For Mr. Yellin, the war was a hellish necessity, essential for halting the spread of Nazism and Japanese aggression. But he also spoke forthrightly about its costs, including the mental anguish over memories of combat that nearly led him to suicide. He recalled with particular horror the experience of landing on war-torn Iwo Jima for the first time, where “there wasn’t a blade of grass and there were 28,000 bodies rotting in the sun.”

“The sights and the sounds and the smells of dead bodies and the sights of Japanese being bulldozed into mass graves absolutely never went away,” he told the Washington Times in August.

Mr. Yellin, a captain in the 78th Fighter Squadron of the Army Air Forces, counted 16 downed pilots in his unit during the war, including Schlamberg. For years afterward, he struggled to keep a steady job, moving a dozen times in the United States and Israel (where he settled, at one point, partly in protest of the Vietnam War).

He eventually found solace through Transcendental Meditation, a twice-daily technique of silent concentration that his wife introduced him to in 1975 after she saw the practice’s originator, Maharishi Mahesh Yogi, on “The Merv Griffin Show.”

Mr. Yellin soon began speaking to other veterans who struggled to adapt to civilian life, and in 2010 he co-founded Operation Warrior Wellness, a division of the David Lynch Foundation that helps veterans learn Transcendental Meditation. He said he was inspired to start the group after a friend and Army veteran killed himself that year. Mr. Yellin received support in promotional videos by actress Scarlett Johansson, a grandniece of Schlamberg.

“The feeling that one has when a buddy dies? You just can’t emulate that. We have a burden civilians will never understand,” Mr.
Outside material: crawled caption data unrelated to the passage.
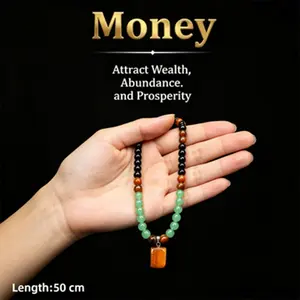 Money Magnet Obsidian & Green Aventurine Necklace | Attract Wealth & Abundance, Unisex 50cm
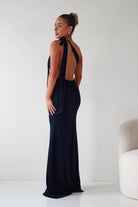 Oh Hello Clothing Wedding Guest Dresses Seraphine Backless Tie Bodycon Maxi Gown | Navy
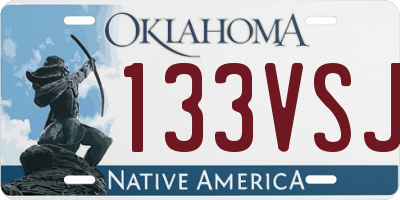 OK license plate 133VSJ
Yellin told The Washington Post earlier this month, shortly after the release of “The Last Fighter Pilot,” an account of his World War II service written with Don Brown.

Notable deaths so far this year
View Photos Remembering those who have died in 2017.
Jerome Yellin was born into a Jewish family in Newark on Feb. 15, 1924. His father was a real estate developer.

Mr. Yellin had just graduated from high school in Hillside, N.J., and was working the night shift at a steel mill, saving money before starting college, when Japanese forces bombed Pearl Harbor on Dec. 7, 1941. Two months later, on his 18th birthday, he enlisted in the Army Air Forces, pursuing an adolescent love of aviation that had led him to build models of World War I-era planes.

Mr. Yellin was slightly nearsighted and initially failed an eye exam for pilots. “The doctor told me to go home and stay in a dark room, eat a lot of carrots, don’t read anything and come back in three days and take the test again,” he said in a 2014 oral history.

In place of the rabbit food, he sought help from his mother, who served on the draft board. She filched a copy of the eye chart, allowing him to memorize the letters and pass the exam on his second try.

Mr. Yellin proved a skilled pilot, successfully bailing out of his plane when the engine locked up during a training mission near Hawaii (he said he spent nine hours in a life raft before he was picked up by a boat) and escorting B-29 bombers on 19 missions over Japan.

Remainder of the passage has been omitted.